**Task requirements:** For this exercise, copy all the data exactly and include none of the pictures.

**Given material:**
= = = = = = =

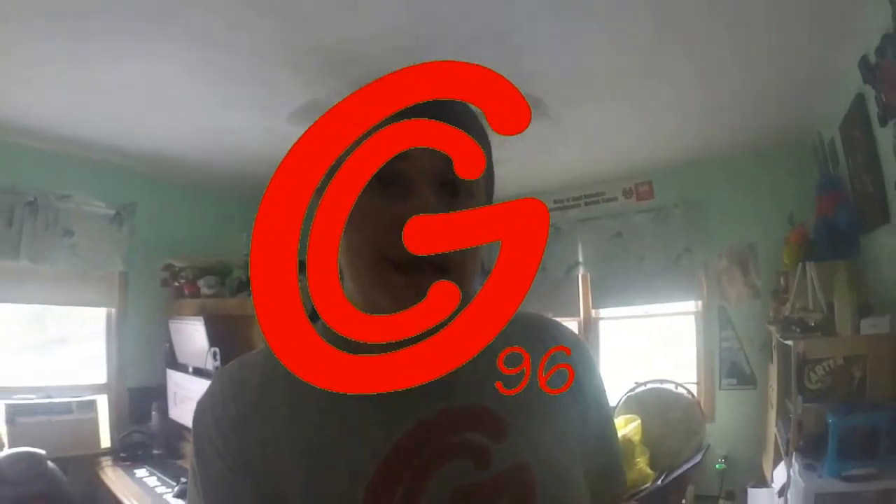Hey guys, welcome to a day in the life of Greg, episode 3. Today I gotta go make an HTC Vive orc, so I'll see you when I get there.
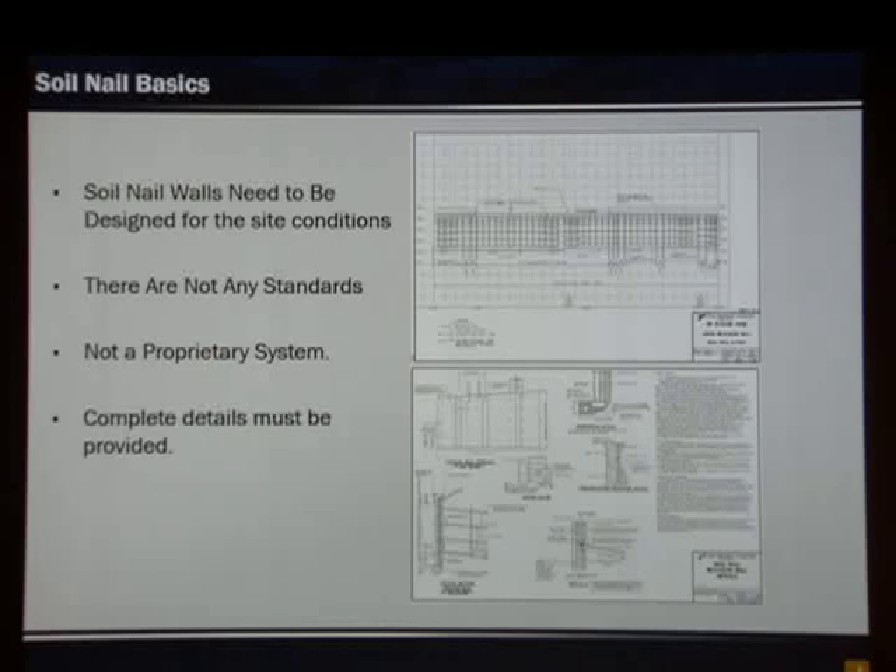When we talk about soil nail walls, unlike MSE walls, these are not a standard — there's not a proprietary system out there, and complete details need to be provided. The reason is these are designed for the specific site conditions that exist at the location where they're going to be installed. On the right-hand side you see examples of detail sheets that would be included in the plans.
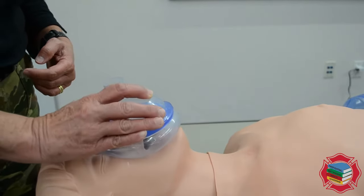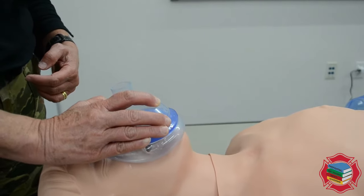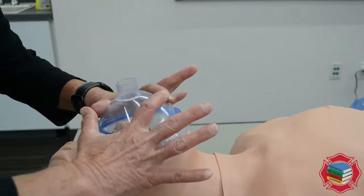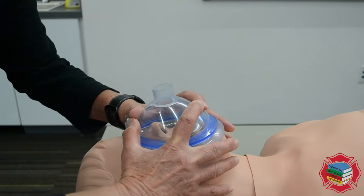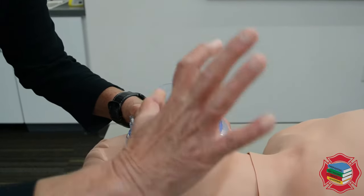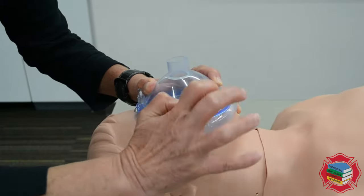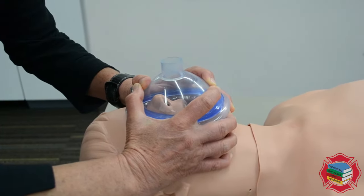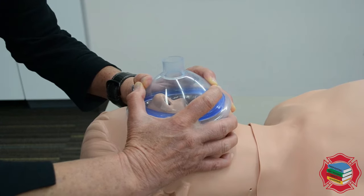Then march it down to the cleft of the chin. If you're gonna hold this mask on the patient with two hands, this would be called a bilateral CE clamp. Here are my C fingers, here are my E fingers, and that would be the same on the other side — a bilateral CE clamp.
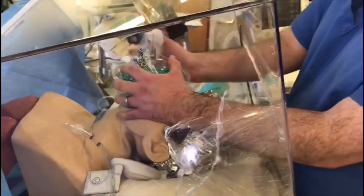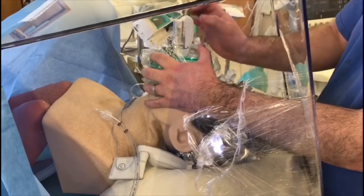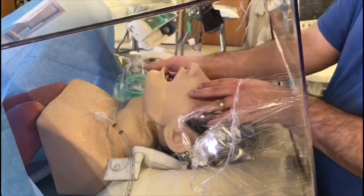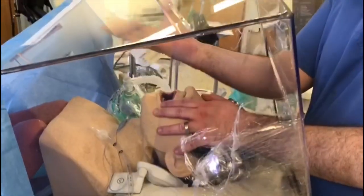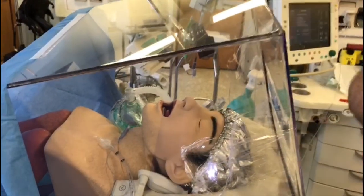We could have an entirely new circuit with a filter already on, ready to make a smoother transition. So that's the idea of the box — it will contain the spray and coughing largely to the microenvironment of the tube. Perfect. Thanks.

= = = = = = =

**Your solution:**
Hey guys, welcome to a day in the life of Greg, episode 3. Today I gotta go make an HTC Vive orc, so I'll see you when I get there.
When we talk about soil nail walls, unlike MSE walls, these are not a standard — there's not a proprietary system out there, and complete details need to be provided. The reason is these are designed for the specific site conditions that exist at the location where they're going to be installed. On the right-hand side you see examples of detail sheets that would be included in the plans.
Then march it down to the cleft of the chin. If you're gonna hold this mask on the patient with two hands, this would be called a bilateral CE clamp. Here are my C fingers, here are my E fingers, and that would be the same on the other side — a bilateral CE clamp.
We could have an entirely new circuit with a filter already on, ready to make a smoother transition. So that's the idea of the box — it will contain the spray and coughing largely to the microenvironment of the tube. Perfect. Thanks.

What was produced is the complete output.